Phone: +91-80-5044999 email: [email protected]
http://lse.sourceforge.net/locking/rcupdate.html



2001-11-27 13:31:56

by Ingo Molnar

[permalink] [raw]
Subject: Re: smp_call_function & BH handlers


On Tue, 27 Nov 2001, Maneesh Soni wrote:

> Why is it ok to call smp_call_function from bottom half handlers? [...]

which part of the kernel is calling smp_call_function() from bh contexts?

Ingo

2001-11-27 16:22:09

by Maneesh Soni

[permalink] [raw]
Subject: Re: smp_call_function & BH handlers

On Tue, Nov 27, 2001 at 04:28:49PM +0100, Ingo Molnar wrote:
>
> On Tue, 27 Nov 2001, Maneesh Soni wrote:
>
> > Why is it ok to call smp_call_function from bottom half handlers? [...]
>
> which part of the kernel is calling smp_call_function() from bh contexts?
>
> Ingo

I am working with Dipankar on Read-Copy Update, and experimenting with
smp_call_function().

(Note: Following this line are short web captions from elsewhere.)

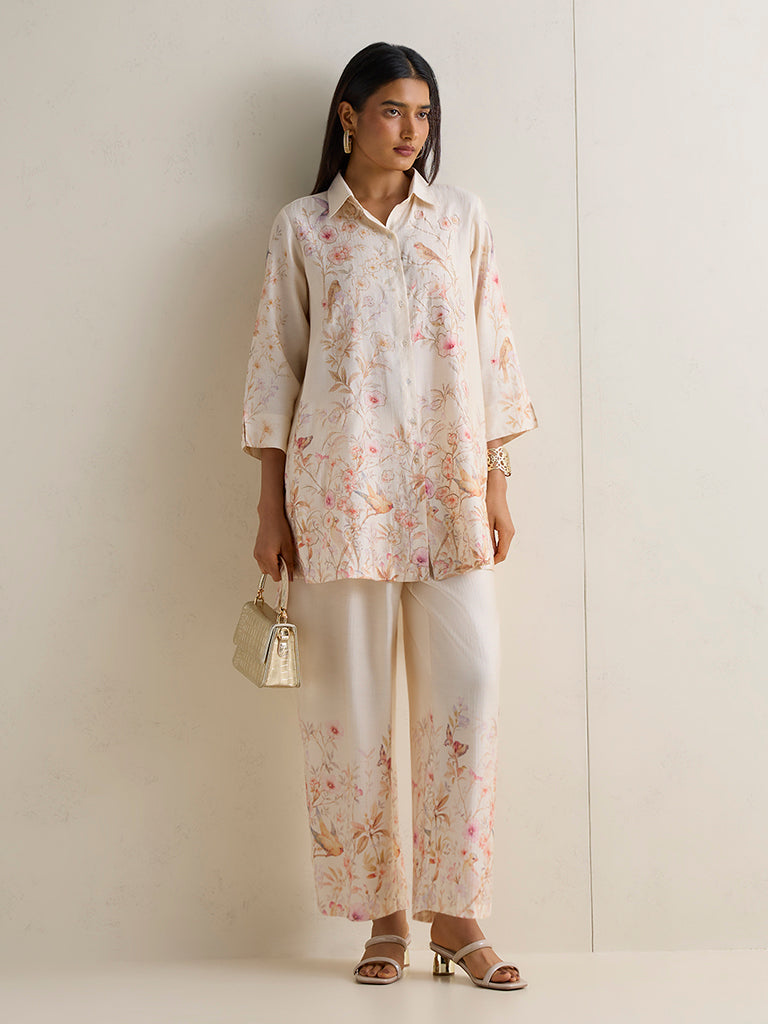 Vark Off-White Nature-Inspired Co-ord Set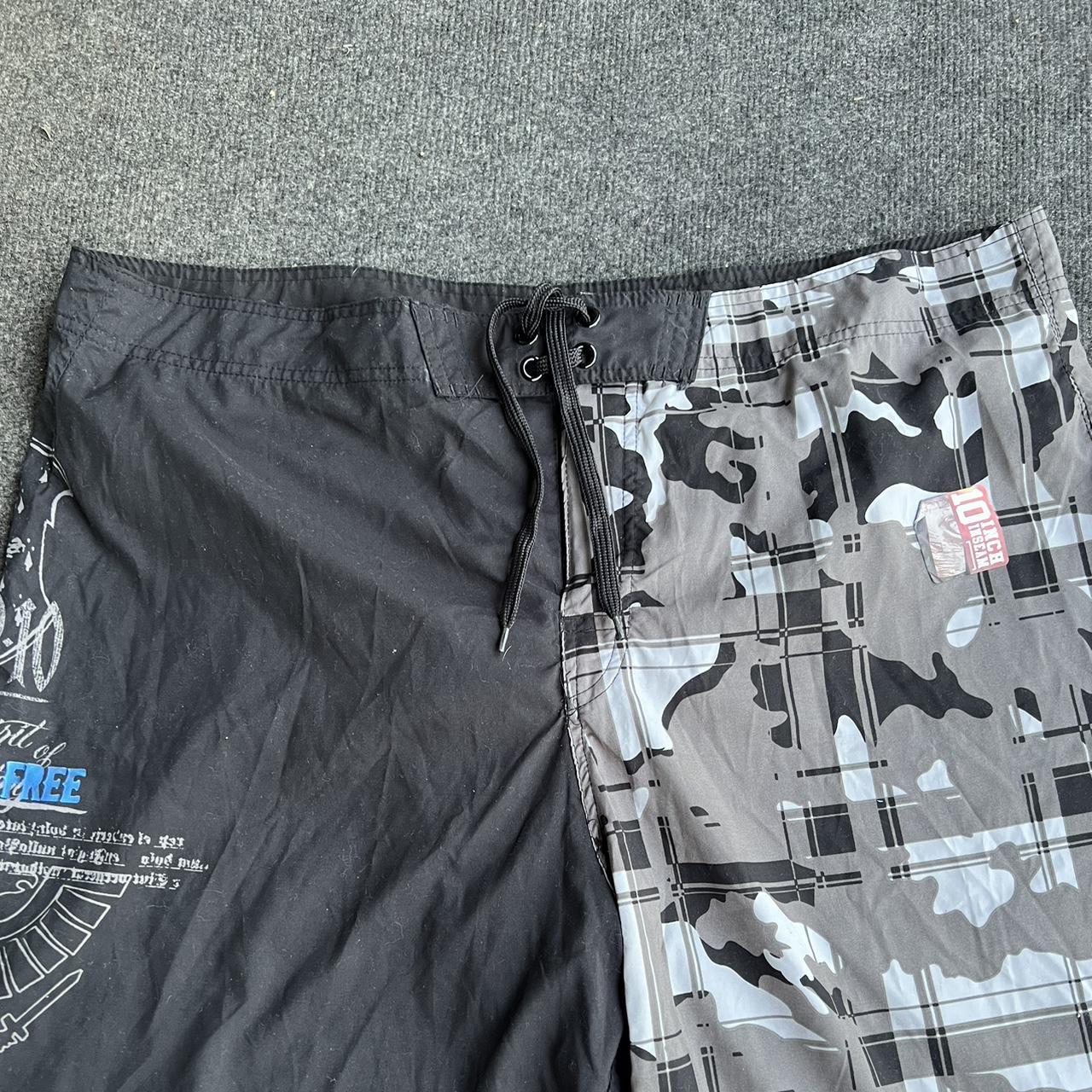 Joe Boxer Men's Black and Grey Swimbriefsshorts Depop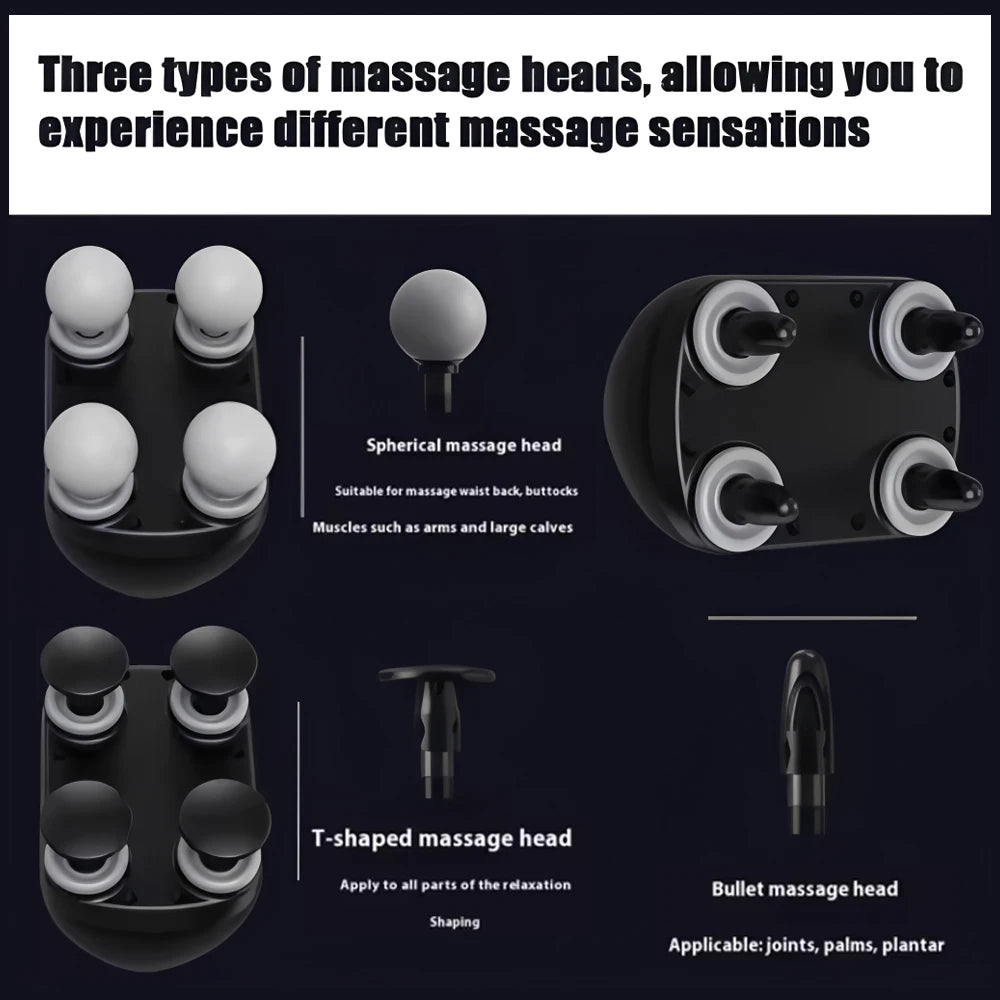 Portable Fascia Gun Muscle Massager Gun Four-head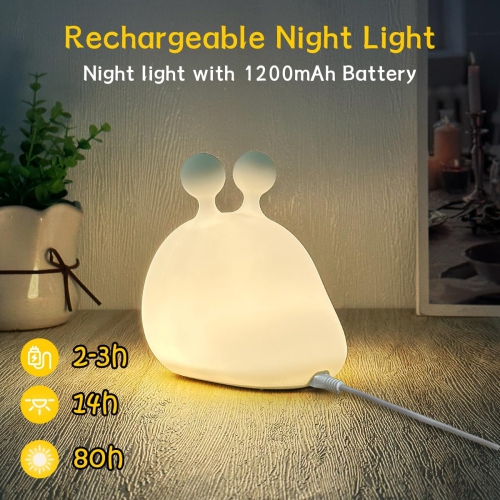 Night Light for Kids,Cute Silicone Nursery Slug Lamp for Baby and Toddler,Animal NightLight for Boys and Girls,Fun Squishy Night Lamp for Bedroom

We believed the comments for this routine and faced
this problem. That's why this question came. I have not yet searched
kernel sources for such places hence not sure whether there are really such
places or not.

Maneesh

--
Maneesh Soni
IBM Linux Technology Center,
IBM India Software Lab, Bangalore.
Phone: +91-80-5044999 email: [email protected]
http://lse.sourceforge.net/locking/rcupdate.html

2001-11-27 16:41:11

by Ingo Molnar

[permalink] [raw]
Subject: Re: smp_call_function & BH handlers


On Tue, 27 Nov 2001, Maneesh Soni wrote:

> I am working with Dipankar on Read-Copy Update, and experimenting with
> smp_call_function(). We believed the comments for this routine and
> faced this problem. That's why this question came. I have not yet
> searched kernel sources for such places hence not sure whether there
> are really such places or not.

we had similar lockup problems before, eg. TLB flushes initiated from
IRQ/BH contexts - which is illegal now. Generally it's not safe to assume
that every CPU is responsive to synchronous events triggered from IRQ/BH
contexts. Every read_lock user is prone to this problem.

Ingo

2001-11-27 19:25:57

by Dipankar Sarma

[permalink] [raw]
Subject: Re: smp_call_function & BH handlers


In article <[email protected]> Ingo Molnar wrote:

> On Tue, 27 Nov 2001, Maneesh Soni wrote:

>> I am working with Dipankar on Read-Copy Update, and experimenting with
>> smp_call_function(). We believed the comments for this routine and
>> faced this problem. That's why this question came. I have not yet
>> searched kernel sources for such places hence not sure whether there
>> are really such places or not.

> we had similar lockup problems before, eg. TLB flushes initiated from
> IRQ/BH contexts - which is illegal now. Generally it's not safe to assume
> that every CPU is responsive to synchronous events triggered from IRQ/BH
> contexts. Every read_lock user is prone to this problem.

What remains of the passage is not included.